Jesteśmy sporym konkurentem dla Niemiec? Wyspa Uznam walczy o turystów, a ci uciekają na polską stronę

gazeta.pl 1 tydzień temu
Zdjęcie: iStock/RicoK69


Niemieccy hotelarze załamują ręce, a wielu z nich liczy się z ogromnymi stratami. Wszystko przez liczne atrakcje po polskiej stronie wyspy Uznam, gdzie turyści chętnie spędzają wakacje i wolne weekendy. Tym samym nasi sąsiedzi tracą sporą część klienteli, która woli dokonać rezerwacji w Świnoujściu i okolicach.
Uznam to wyspa przybrzeżna na Bałtyku, znajdująca się na pograniczu Polski i Niemiec. To nie tylko atrakcyjny przyrodniczo i historycznie region, ale i miejsce, gdzie wiele osób decyduje się spędzić wakacje czy letnie weekendy. Niestety niemieccy hotelarze coraz częściej mają znikome obłożenie, przez co z każdym miesiącem tracą. Powodem ma być bogato rozwinięta, polska konkurencja.
REKLAMA


Zobacz wideo Nieoczywiste miejsca nad wschodnim Bałtykiem [VLOG]


Polskie atrakcje czy niemiecki porządek? Na wybrzeżu trwa walko o klienta
Niemieccy przedsiębiorcy apelują o wsparcie państwa i samorządu, które dotychczas było i jest niewystarczające.

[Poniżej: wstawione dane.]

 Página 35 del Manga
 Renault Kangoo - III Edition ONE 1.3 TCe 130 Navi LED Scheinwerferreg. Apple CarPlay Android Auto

Problemem jest gwałtownie i prężnie rozwijającą się polska konkurencja, która zabiera niemal wszystkich klientów.


- Ludzie chcą podróżować, ale bardzo uważnie przyglądają się cenom. Tymczasem wybór za granicą jest ogromny, czasem też tańszy - skomentował niemiecki hotelarza w rozmowie z "Ostsee Zeitung". Jak dodał, latem jego hotel nie będzie wypełniony choćby w 70 proc., co zmusiło go do zwolnienia ponad 1/3 pracowników. Przedsiębiorcy największą konkurencję widzą w Polsce, gdzie ucieka znaczna część urlopowiczów.
Niemieckie plaże świecą pustkami. Turyści uciekają na polską część
Podzielona wyspa Uznam przeżywa w ostatnich sezonach prawdziwe oblężenie. Na nieszczęście niemieckich hotelarzy, najwięcej rezerwacji przypada właśnie na część polską. Turyści oceniają nasz region za bardziej atrakcyjny przez duży wybór restauracji i malowniczych kawiarni. Tymczasem za niemiecką granicą często menu jest znacznie uszczuplone, a ceny są znacznie wyższe.

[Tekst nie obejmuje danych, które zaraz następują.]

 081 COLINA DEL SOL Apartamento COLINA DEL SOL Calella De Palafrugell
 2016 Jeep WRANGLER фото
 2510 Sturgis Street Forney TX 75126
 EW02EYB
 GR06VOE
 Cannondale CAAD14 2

Rozumiemy obawy pojawiające się na szczeblu lokalnym i regionalnym, słychać coraz więcej narzekań, a brak wykwalifikowanych pracowników, wyższe płace i rosnące koszty energii są prawdziwym obciążeniem


- skomentował w rozmowie z portalem Reise vor-9 dyrektor Stowarzyszenia Turystycznego Meklemburgii-Pomorza Przedniego i urzędnik odpowiedzialny za turystykę regionalną - Tobias Woitendorf.

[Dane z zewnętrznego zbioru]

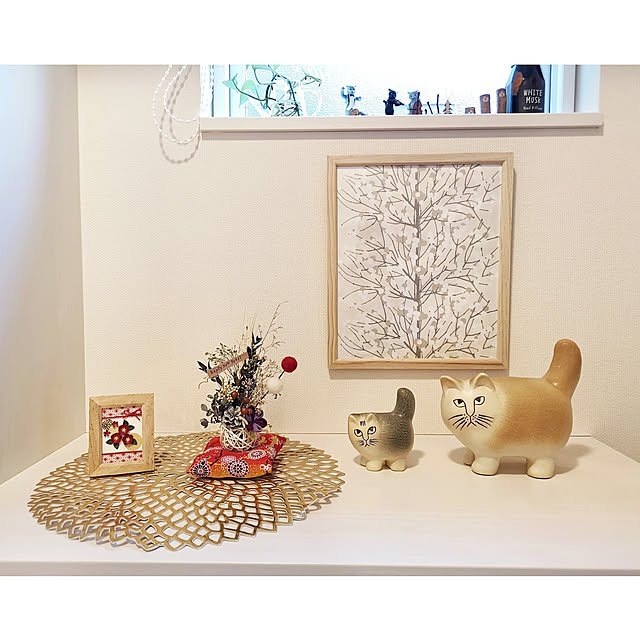 nyancoさんの実例写真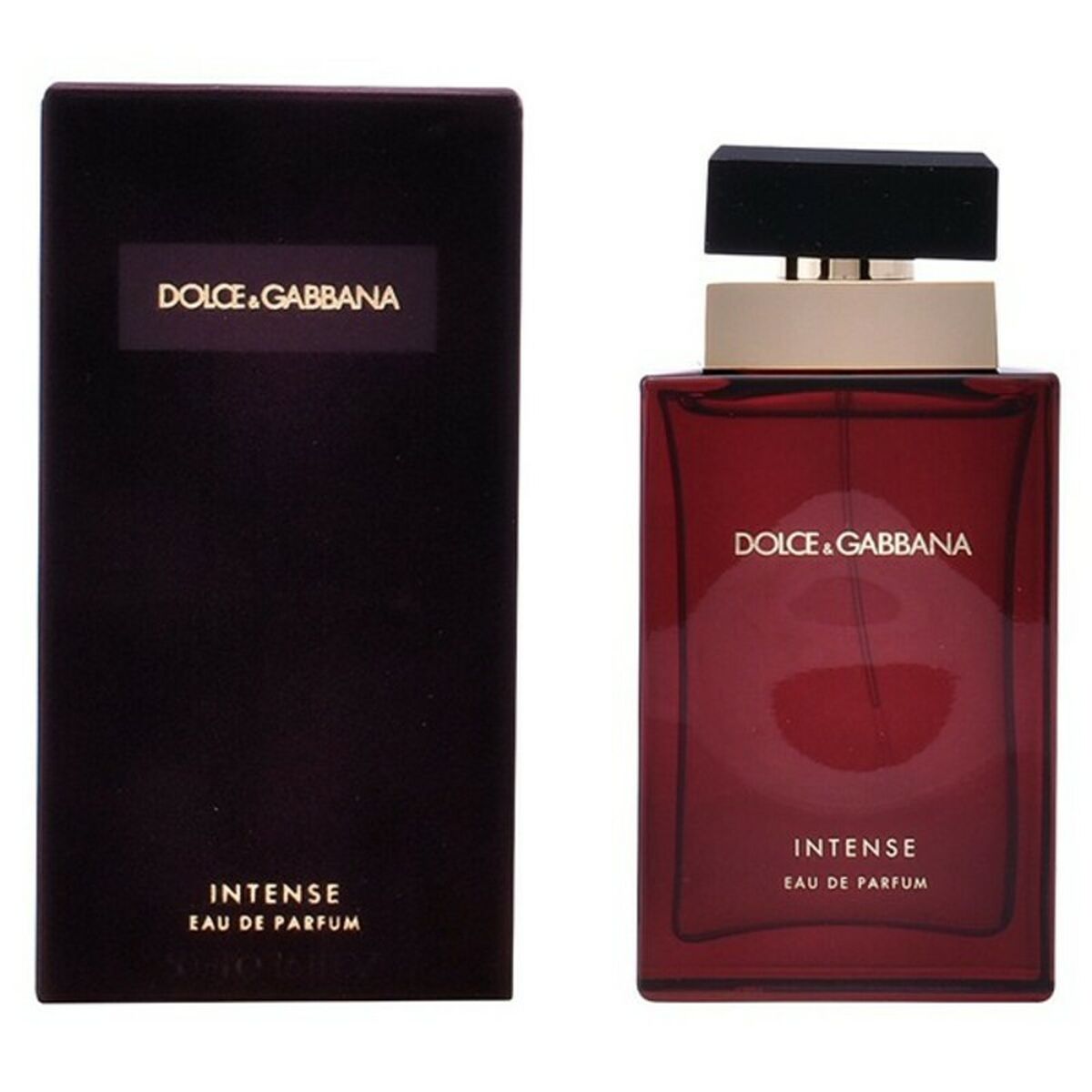 Dolce & Gabbana Intense EDP for Women - product view 2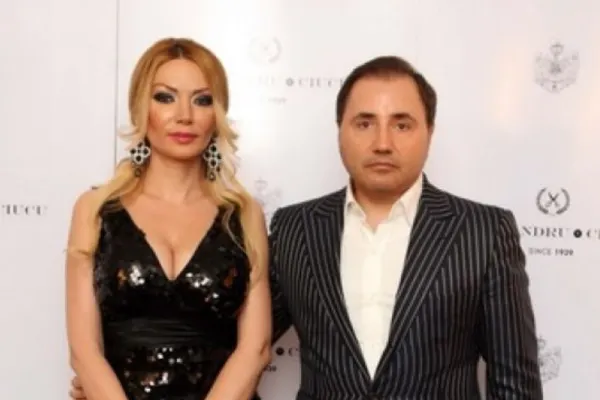 Cristian Rizea, dezvăluiri FABULOASE: Cum au defilat, ca manechine, Rovana Plumb, Anca Boagiu, Raluca Turcan sau Elena Udrea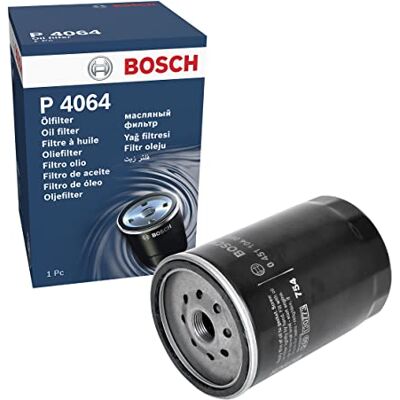 Bosch P4064 olejový filtr Auto Bosch P4064 olejový filtr Auto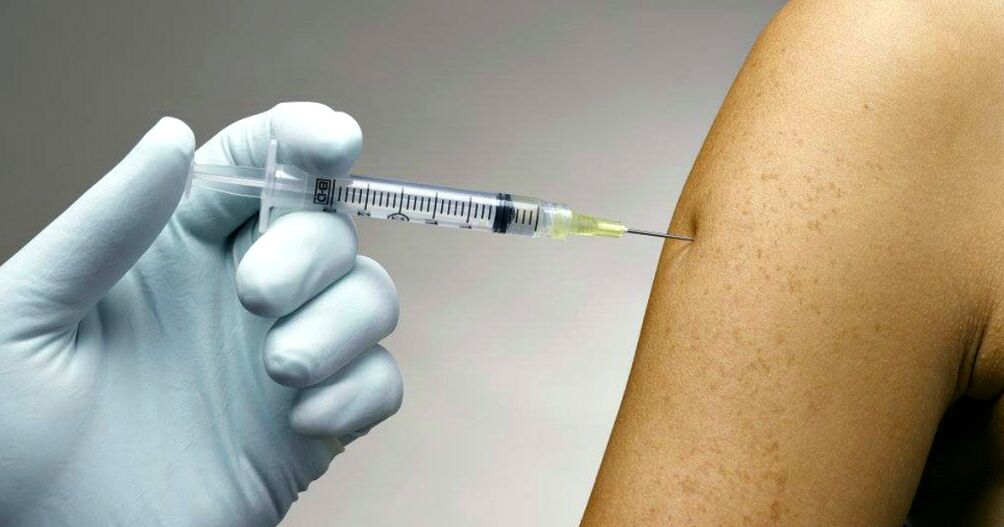 HPV -vaccine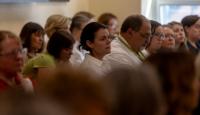 Maine lawmakers hear ideas about how to preserve birthing centers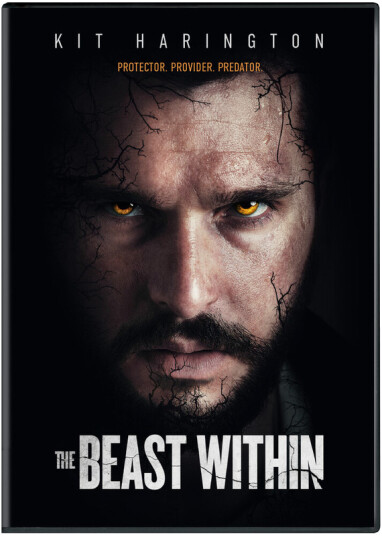 Beast Within DVD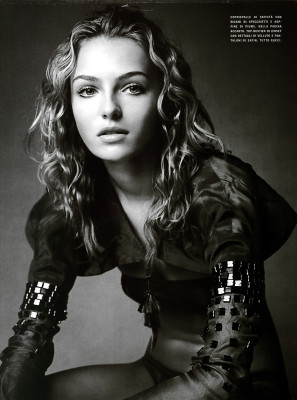 Valentina Zelyaeva pic #336429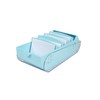 Exacompta Bunnybox 5346323D Flashcard File Pastel Green DIN A7 Landscape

Jak zaznaczają eksperci, prawdziwym obciążeniem dla zachodnich sąsiadów są nie tylko rosnące koszty energii, ale także braki wśród pracowników czy znacznie wyższe płace, które muszą pokryć właściciele hoteli, którzy i tak już zmuszeni są liczyć straty. Sami turyści zaznaczają, iż powodem może być także sam dojazd. Podróżni z Berlina i okolic od momentu otwarcia tunelu w Świnoujściu mają lepszą trasę - prawie cała droga to autostrada lub droga ekspresowa.